For those who believe
that underpowered studies are not a problem
Meehl, Cohen, Schmidt, Gelman – they all explain the problem
of underpowered studies much better than I ever could. The notion that
underpowered studies give you misleading results is not an opinion – it’s a
mathematical fact. But seeing is believing, and if you still believe that you
can get useful information with small or medium-sized effects and 20
participants, the best way to convince you otherwise is to show you some
simulations. If you haven’t tinkered around with simulating data, download R,
copy-and-paste the code below, and see what happens. Do it. Now. It doesn't matter if you're an undergraduate student, professor, or lay person who somehow stumbled across this blog post. I’ll wait.
*elevator
music*
# Simulating the populations
Population1=rnorm(n=10000,mean=100,sd=15)
Population2=rnorm(n=10000,mean=106,sd=15)
# This gives us a true effect in the
population of Cohen's d = 0.4.
#
RUN THE CODE BELOW MULTIPLE TIMES
#
Sampling 20 participants from the population
Sample1=sample(Population1,20)
Sample2=sample(Population2,20)
#
Calculating the means for the two samples
mean(Sample1)
mean(Sample2)
#
Note how the means vary with each time we run the simulation.
t.test(Sample1,Sample2)
#
Note how many of the results give you a “significant” p-value.

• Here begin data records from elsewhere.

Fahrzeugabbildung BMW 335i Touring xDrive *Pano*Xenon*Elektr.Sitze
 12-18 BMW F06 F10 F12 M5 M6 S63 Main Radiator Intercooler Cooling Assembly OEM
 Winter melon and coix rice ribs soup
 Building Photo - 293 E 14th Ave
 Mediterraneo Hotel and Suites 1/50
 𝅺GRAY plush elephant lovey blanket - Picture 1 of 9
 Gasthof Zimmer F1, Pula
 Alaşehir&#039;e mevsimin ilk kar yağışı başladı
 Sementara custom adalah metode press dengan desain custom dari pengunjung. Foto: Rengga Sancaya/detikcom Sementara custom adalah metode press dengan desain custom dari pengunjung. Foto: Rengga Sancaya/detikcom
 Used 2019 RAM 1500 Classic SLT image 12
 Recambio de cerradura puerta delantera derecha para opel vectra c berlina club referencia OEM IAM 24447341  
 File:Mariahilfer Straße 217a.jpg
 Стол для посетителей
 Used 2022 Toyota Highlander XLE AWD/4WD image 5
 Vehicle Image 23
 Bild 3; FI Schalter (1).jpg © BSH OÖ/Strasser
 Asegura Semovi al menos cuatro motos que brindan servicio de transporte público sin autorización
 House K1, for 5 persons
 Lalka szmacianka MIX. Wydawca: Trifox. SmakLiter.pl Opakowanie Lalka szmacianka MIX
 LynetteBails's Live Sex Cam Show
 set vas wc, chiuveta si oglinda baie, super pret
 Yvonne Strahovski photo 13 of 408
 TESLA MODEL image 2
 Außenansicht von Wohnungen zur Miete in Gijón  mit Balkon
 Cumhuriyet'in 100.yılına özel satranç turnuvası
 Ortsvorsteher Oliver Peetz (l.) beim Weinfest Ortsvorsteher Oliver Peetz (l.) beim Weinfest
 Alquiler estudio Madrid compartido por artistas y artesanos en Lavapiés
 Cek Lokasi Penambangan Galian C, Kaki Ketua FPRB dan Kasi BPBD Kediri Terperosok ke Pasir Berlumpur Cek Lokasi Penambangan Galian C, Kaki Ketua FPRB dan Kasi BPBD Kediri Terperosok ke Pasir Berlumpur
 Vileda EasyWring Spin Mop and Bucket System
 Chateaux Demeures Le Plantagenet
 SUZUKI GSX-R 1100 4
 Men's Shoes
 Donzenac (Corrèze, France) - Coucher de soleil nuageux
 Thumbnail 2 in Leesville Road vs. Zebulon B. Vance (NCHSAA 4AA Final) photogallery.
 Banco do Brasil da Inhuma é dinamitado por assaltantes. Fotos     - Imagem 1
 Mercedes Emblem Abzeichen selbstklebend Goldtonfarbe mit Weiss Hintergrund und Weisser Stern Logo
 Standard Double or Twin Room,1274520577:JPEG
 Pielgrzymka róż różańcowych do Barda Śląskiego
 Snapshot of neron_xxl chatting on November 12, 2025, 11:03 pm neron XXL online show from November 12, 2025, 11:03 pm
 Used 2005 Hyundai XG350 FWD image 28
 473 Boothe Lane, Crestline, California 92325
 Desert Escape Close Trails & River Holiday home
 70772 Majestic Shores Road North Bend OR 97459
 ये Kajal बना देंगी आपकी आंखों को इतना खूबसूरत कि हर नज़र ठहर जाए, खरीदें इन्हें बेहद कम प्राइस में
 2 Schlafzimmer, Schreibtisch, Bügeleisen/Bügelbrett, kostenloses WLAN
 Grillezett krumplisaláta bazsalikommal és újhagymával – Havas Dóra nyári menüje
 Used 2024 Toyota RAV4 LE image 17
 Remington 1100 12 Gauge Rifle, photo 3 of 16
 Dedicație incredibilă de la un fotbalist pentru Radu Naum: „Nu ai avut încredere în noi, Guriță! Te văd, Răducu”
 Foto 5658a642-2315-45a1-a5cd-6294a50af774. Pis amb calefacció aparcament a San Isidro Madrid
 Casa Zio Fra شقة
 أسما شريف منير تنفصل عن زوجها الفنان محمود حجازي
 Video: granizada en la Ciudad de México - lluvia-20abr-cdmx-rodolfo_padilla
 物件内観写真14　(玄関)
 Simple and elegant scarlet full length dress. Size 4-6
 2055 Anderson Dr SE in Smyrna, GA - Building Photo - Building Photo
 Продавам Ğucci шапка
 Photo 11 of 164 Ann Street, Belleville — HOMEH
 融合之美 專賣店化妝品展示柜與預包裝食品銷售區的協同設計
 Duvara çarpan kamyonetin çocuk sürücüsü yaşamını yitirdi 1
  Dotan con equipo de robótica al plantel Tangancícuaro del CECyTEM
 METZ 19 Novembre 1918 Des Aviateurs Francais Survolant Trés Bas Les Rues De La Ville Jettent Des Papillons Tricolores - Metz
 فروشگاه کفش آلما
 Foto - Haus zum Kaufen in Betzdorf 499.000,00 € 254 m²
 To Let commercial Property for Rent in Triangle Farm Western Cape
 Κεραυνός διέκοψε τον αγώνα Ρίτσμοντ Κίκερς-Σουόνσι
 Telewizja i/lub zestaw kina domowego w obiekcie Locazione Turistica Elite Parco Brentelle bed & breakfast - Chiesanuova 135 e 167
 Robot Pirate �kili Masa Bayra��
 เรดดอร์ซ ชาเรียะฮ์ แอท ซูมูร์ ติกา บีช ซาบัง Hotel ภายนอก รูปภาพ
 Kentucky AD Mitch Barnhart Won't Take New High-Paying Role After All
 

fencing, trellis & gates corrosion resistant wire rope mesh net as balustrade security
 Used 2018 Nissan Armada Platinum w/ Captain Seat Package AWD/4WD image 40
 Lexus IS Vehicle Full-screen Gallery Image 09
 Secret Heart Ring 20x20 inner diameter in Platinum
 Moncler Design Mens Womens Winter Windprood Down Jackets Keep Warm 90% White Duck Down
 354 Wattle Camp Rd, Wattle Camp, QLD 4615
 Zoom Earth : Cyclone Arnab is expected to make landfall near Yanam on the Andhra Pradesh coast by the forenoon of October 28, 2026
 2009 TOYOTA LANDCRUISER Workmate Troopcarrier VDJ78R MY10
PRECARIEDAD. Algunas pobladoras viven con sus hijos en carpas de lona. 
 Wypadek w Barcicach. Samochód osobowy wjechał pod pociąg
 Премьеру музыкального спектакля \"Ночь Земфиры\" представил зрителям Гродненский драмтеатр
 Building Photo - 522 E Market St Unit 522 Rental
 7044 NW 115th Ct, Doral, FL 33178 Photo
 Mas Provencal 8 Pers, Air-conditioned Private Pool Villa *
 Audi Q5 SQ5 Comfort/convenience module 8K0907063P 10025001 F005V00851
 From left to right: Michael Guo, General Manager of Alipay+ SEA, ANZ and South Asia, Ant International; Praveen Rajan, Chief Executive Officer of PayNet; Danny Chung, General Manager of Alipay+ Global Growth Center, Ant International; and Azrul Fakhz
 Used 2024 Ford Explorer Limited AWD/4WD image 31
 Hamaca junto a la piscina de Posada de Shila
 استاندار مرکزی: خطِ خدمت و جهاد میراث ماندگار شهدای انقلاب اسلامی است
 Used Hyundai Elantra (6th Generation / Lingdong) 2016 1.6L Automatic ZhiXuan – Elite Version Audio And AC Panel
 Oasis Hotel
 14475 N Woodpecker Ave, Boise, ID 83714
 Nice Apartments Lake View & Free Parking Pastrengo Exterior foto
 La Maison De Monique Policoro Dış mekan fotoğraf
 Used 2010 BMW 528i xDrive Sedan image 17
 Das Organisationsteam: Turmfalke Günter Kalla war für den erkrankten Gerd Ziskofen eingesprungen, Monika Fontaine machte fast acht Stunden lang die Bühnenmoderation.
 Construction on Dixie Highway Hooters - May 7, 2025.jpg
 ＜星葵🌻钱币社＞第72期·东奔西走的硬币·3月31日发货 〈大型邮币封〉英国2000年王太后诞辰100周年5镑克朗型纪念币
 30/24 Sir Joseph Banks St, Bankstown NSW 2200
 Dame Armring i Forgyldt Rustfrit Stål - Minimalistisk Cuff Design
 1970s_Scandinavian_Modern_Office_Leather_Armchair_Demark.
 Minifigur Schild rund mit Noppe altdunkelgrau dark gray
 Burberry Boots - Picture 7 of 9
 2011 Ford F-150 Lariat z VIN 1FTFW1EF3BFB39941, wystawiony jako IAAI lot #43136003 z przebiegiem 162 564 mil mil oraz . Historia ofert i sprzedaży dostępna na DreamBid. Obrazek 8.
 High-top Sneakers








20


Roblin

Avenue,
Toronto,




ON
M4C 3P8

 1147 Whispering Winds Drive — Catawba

The populations that we are simulating have a mean (e.g.,
IQ) of 100 and 106, respectively, and a standard deviation of 15. The
difference can be summarised as a Cohen’s d effect size of 0.4, a medium-sized
effect. One may get an intuitive feeling for how strong an experimental manipulation
would need to be to cause a true difference of 6 IQ points. The power (i.e.,
probability of obtaining a significant result, given that we know that the
alternative hypothesis is true and we have an effect of Cohen’s d = 0.4 in the
population) is 23% with 20 participants per cell (i.e., 40 altogether). You
should see the observed means jumping around quite a lot, suggesting that if
you care about quantifying the size of the effect you will get very unstable
results. You should also see a large number of simulations returning
non-significant effects, despite the fact that we know that there is an effect
in the population, suggesting that if you want to make reject/accept H0
decisions based on a single study you will be wrong most of the time.
For the professors
who forgot what it’s like to be young
So, we need to increase our sample sizes if we study
small-to-medium effects. What’s the problem? The problems are practical in
nature. Maybe you are lucky enough to have gone through all stages of your career
at a department that has a very active participant pool, unlimited resources
for paying participants, and maybe even an army of bored research assistants
just waiting to be assigned with the task of going out and finding hundreds of
participants. In this case, you can count yourself incredibly lucky. My PhD
experience was similar to this. With a pool of keen undergraduates, enough
funds to pay a practically unlimited amount of participants, and modern booth
labs where I could test up to 8 people in parallel, I once managed to collect
enough data for a four-experiment paper within a month. I list the following
subsequent experiences to respectfully remind colleagues that things aren’t always this
easy. These are my experiences, of course – I don’t know how many people have
similar stories. My guess is that I’m not alone. Especially early-career
researchers and scientists from non-first-world countries, where giving funding
to social sciences is not really a thing yet, probably have similar
experiences. Or maybe I’m wrong about that, and I’m just unlucky. Either way, I
would be interested to hear about those others’ experiences in the comments.
-
Working in a small, stuffy lab with no windows
and only one computer that takes about as long to start as it takes you to run
a participant.
-
Relying on bachelor students to collect data.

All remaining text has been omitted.